*** Information given ***
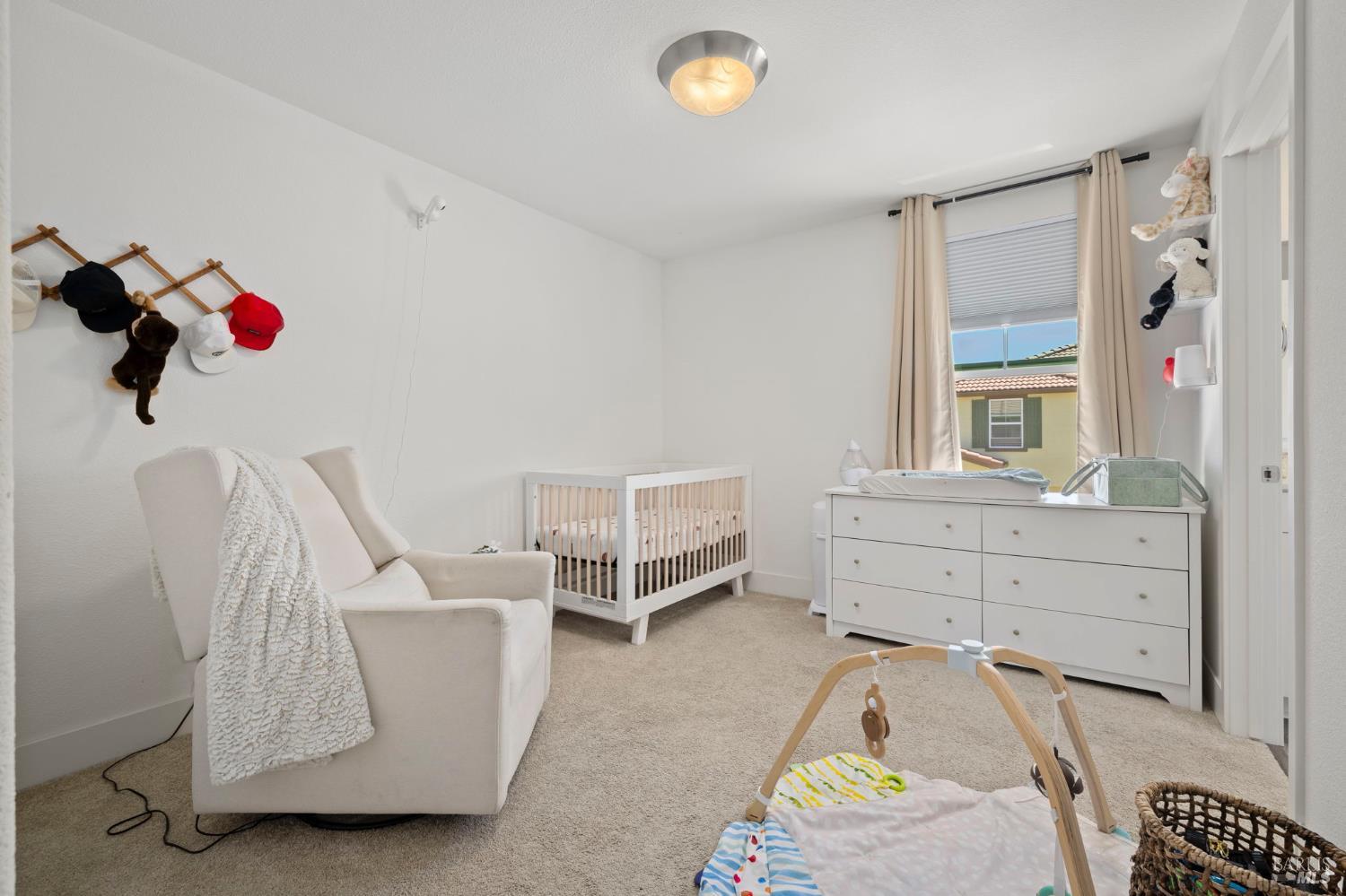 Detail Gallery Image 20 of 25 For 6048 Oak Leaf Pl, Rohnert Park,  CA 94928 - 3 Beds | 2/1 Baths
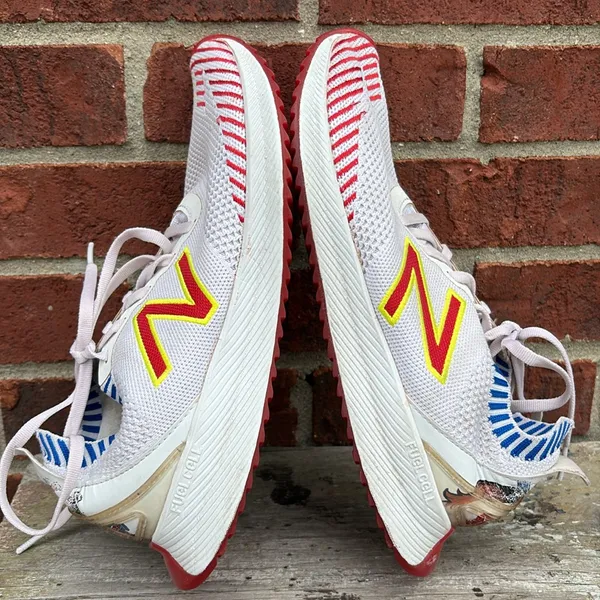 New Balance FuelCell Echo x Big League Chew Outta Here Original 9.5 - Image 5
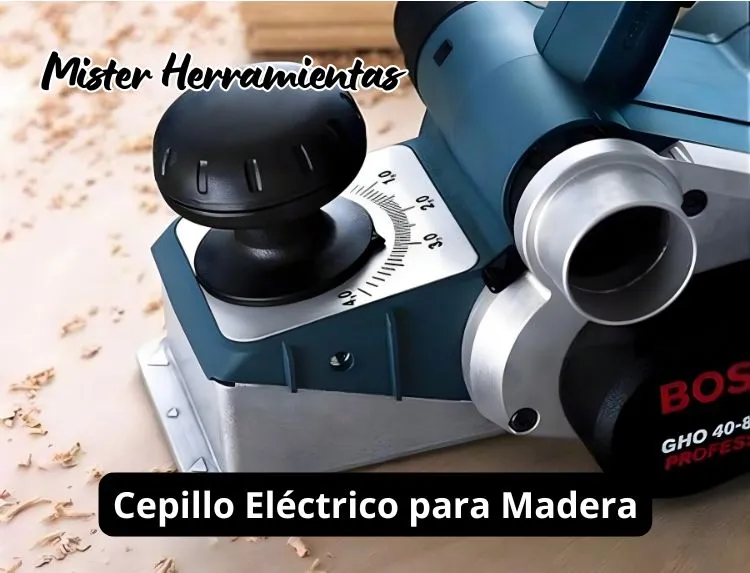 cepillo eléctrico para madera Bosch trabajando sobre una tabla de madera
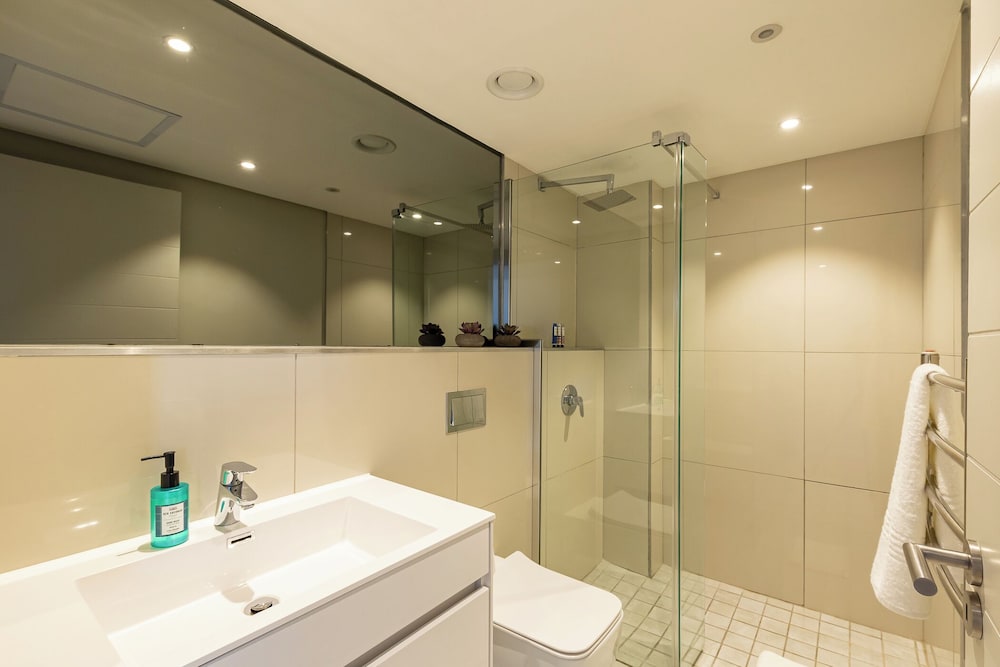Docklands Deluxe Apartments by ITC Hospitality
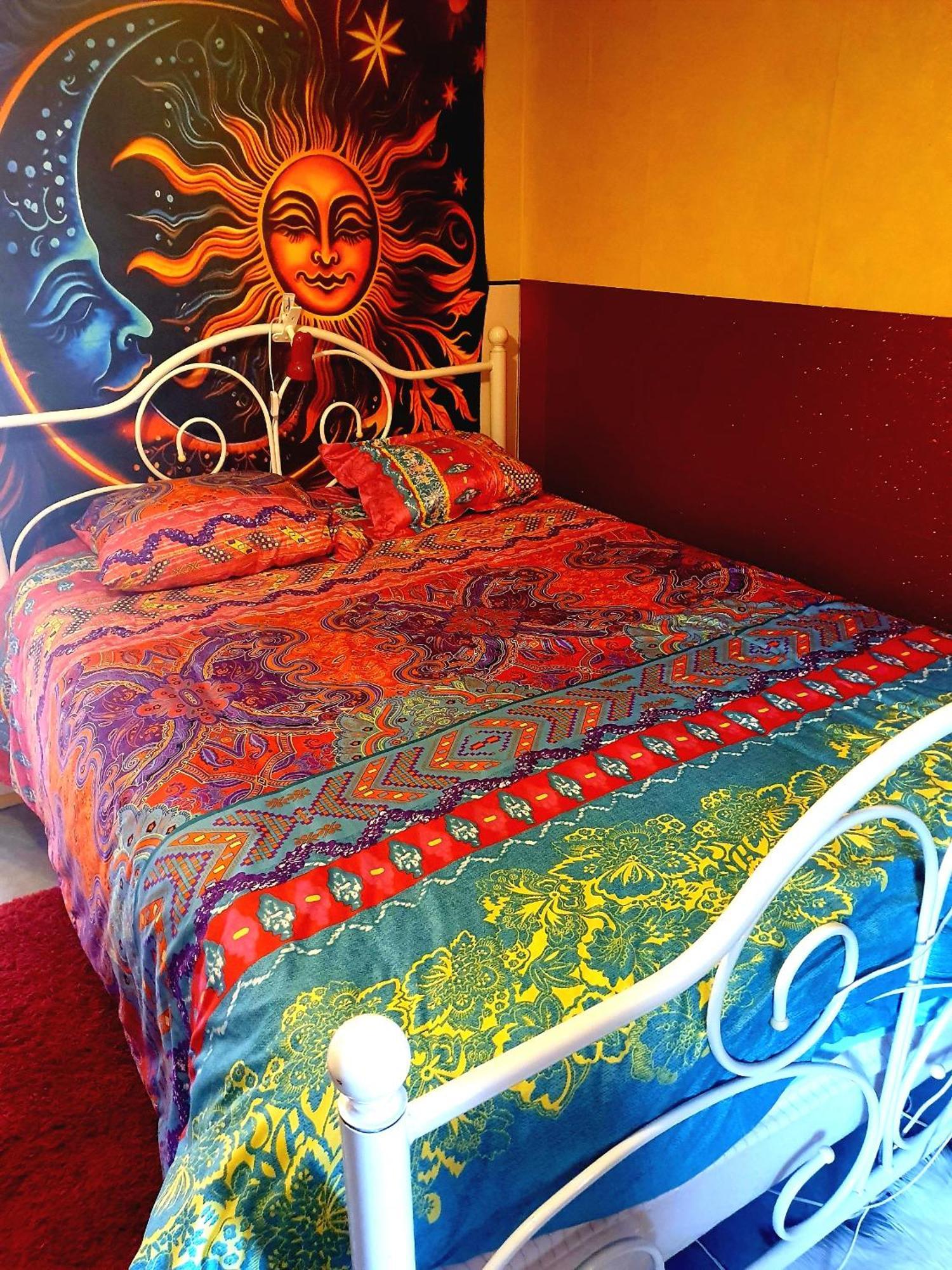 Bed And Breakfast Les Roses Multicolores Du 47 Fumel Exteriér fotografie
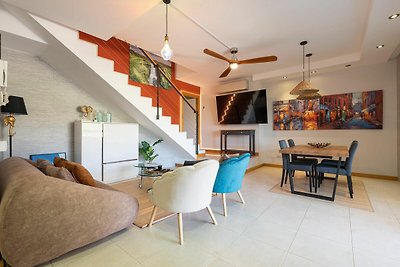 Villa mit privatem Pool im Golfresort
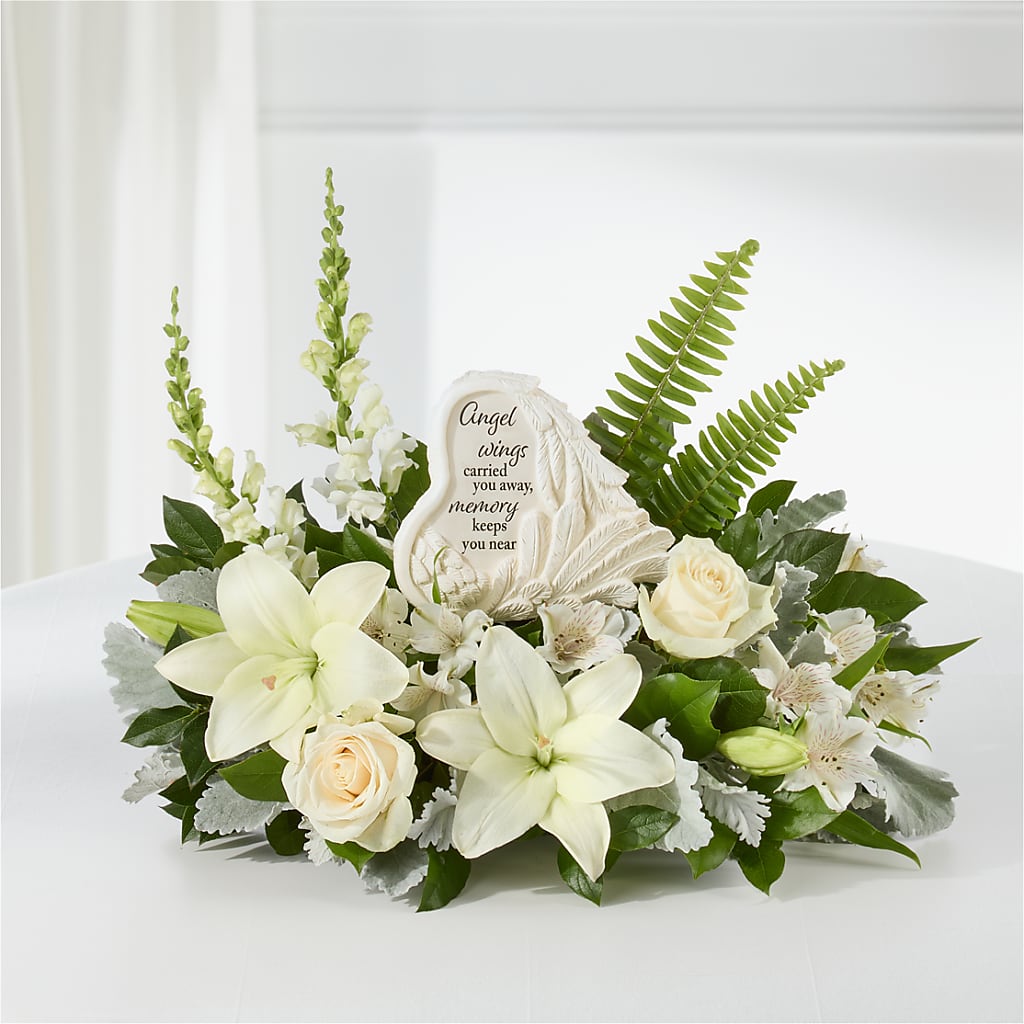 Holding You Close Arrangement –  Hy-vee, West Des Moines IA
*** End of Information given ***
→ **Your goal**
Reproduce the data above exactly, but only from the line containing "New Balance FuelCell" through the line containing "Villa mit privatem Pool im Golfresort". Omit all pictures.

→ **Answer space**
 New Balance FuelCell Echo x Big League Chew Outta Here Original 9.5 - Image 5
 cepillo eléctrico para madera Bosch trabajando sobre una tabla de madera
Docklands Deluxe Apartments by ITC Hospitality
 Bed And Breakfast Les Roses Multicolores Du 47 Fumel Exteriér fotografie
 Villa mit privatem Pool im Golfresort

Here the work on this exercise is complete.